Type III is characterized by the expression of all six EBV nuclear antigens (EBNA1, 2, 3A,
3B, 3C, and LP), three latent membrane proteins (LMP1, 2A and 2B), and EBER (Figure 1A-
B). Type III latency is observed in patients with infectious mononucleosis or a subset of post-
transplant lymphoproliferative disorders (PTLD).
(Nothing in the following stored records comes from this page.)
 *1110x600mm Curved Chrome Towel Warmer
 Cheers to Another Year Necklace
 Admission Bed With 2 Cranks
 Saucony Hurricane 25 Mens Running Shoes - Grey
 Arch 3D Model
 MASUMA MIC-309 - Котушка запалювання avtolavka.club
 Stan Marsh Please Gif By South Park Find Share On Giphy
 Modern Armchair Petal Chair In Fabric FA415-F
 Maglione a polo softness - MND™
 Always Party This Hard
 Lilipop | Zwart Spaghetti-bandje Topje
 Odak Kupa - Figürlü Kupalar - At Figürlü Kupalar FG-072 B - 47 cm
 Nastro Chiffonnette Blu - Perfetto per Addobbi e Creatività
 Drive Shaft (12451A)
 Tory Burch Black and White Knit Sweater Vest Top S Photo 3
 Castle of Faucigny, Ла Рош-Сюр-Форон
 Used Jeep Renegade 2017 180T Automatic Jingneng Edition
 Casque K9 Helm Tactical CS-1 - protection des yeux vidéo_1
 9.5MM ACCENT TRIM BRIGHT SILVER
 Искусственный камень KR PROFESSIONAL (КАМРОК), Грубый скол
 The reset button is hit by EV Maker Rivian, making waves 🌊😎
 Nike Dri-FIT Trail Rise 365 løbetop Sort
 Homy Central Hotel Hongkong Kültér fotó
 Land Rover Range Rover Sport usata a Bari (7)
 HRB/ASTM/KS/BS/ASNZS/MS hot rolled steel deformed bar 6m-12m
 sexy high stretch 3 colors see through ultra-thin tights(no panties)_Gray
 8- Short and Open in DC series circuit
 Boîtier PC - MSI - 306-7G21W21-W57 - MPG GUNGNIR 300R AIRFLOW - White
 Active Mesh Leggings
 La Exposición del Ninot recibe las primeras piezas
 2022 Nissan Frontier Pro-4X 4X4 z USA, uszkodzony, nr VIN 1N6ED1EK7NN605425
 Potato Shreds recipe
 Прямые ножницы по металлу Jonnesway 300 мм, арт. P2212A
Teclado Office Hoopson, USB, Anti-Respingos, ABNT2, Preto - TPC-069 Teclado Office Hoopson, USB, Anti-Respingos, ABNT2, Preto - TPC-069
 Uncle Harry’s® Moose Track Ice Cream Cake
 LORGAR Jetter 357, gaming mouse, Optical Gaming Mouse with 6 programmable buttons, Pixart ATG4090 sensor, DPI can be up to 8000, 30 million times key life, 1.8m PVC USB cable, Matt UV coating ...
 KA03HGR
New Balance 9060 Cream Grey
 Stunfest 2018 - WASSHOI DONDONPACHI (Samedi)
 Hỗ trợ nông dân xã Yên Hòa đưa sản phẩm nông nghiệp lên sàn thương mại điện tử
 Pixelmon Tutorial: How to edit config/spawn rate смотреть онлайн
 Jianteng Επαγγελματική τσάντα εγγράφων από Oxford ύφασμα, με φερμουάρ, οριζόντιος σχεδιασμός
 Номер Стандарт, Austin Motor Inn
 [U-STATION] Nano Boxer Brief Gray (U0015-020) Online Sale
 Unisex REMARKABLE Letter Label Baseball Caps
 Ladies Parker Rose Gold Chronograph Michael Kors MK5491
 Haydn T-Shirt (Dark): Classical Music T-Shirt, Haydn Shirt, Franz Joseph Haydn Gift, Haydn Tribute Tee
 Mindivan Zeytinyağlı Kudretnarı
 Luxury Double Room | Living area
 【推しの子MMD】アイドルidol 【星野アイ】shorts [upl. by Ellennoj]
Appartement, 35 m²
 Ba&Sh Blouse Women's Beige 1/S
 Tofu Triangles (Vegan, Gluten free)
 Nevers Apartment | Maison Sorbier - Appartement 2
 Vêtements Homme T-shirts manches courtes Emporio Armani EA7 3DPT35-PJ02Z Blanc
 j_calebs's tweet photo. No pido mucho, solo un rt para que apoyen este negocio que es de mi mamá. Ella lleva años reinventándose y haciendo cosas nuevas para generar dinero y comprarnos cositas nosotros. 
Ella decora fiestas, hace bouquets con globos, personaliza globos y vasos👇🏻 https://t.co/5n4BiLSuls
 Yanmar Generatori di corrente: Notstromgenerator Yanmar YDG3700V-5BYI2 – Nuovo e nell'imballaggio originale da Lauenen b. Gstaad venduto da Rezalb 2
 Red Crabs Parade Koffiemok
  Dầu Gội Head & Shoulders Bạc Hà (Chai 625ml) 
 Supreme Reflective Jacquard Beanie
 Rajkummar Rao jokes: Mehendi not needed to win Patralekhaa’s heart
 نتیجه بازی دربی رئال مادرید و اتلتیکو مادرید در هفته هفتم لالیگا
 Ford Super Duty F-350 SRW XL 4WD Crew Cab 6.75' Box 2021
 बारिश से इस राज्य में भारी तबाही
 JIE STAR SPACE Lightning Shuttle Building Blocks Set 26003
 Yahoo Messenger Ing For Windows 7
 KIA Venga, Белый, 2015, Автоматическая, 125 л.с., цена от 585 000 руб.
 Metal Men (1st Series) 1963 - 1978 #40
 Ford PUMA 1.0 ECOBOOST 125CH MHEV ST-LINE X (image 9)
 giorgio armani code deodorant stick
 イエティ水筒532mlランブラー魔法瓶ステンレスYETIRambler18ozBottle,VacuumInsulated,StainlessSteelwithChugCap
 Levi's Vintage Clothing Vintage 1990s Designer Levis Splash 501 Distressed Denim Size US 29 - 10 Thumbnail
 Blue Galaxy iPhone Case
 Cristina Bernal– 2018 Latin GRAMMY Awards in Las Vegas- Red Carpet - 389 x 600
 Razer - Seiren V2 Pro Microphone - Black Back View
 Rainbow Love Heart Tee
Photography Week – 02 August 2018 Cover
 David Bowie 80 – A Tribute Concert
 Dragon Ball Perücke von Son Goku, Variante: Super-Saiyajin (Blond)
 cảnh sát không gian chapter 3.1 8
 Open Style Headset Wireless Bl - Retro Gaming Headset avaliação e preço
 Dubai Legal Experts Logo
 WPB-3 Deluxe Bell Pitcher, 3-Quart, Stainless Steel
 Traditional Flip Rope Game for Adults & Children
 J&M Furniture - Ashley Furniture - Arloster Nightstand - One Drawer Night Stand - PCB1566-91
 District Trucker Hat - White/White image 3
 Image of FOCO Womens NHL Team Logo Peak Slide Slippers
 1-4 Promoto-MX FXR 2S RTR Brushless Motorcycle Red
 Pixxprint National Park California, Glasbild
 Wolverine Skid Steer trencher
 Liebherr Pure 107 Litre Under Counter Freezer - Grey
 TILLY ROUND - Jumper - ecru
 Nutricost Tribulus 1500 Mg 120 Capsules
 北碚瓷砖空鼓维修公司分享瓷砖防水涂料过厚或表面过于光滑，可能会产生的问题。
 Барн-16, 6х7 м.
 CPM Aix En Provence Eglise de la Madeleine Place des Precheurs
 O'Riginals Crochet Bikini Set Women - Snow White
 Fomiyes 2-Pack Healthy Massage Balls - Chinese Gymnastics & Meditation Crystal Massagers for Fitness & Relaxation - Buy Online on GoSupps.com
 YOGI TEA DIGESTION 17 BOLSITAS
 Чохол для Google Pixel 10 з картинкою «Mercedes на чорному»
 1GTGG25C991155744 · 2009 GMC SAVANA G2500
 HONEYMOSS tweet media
Type II latency is associated with
expression of EBNA1, LMP1, LMP2A, and EBER and is commonly seen in classical
Hodgkin lymphoma and a subset of PTLD. In type I latency, only EBNA1 and EBER are
expressed; this pattern is characteristic of Burkitt lymphoma.
EBV-positive DLBCL of the elderly shares a similar EBV latency patterns (type II or III) with
PTLD.24 Using reverse transcription polymerase chain reaction (RT-PCR) method, Nguyen-
Van et al19 showed that many EBV-positive DLBCL of the elderly and EBV-positive PTLD
resembling DLBCL shared features of EBV latency type III. A relatively high frequency of
EBNA2 expression (28% to 32%) has been observed in several studies.2,12 However,
Hofscheier et al found history of immunosuppression or immunodysfunction in 4/17 cases
with EBNA2 expression, emphasizing that care should be taken in the diagnosis of EBNA2-
positive DLBCL cases.7
EBV-positive DLBCL of the elderly is characterized by prominent classical and alternative
NF-κB pathway activation, with most cases displaying an activated B-cell (ABC)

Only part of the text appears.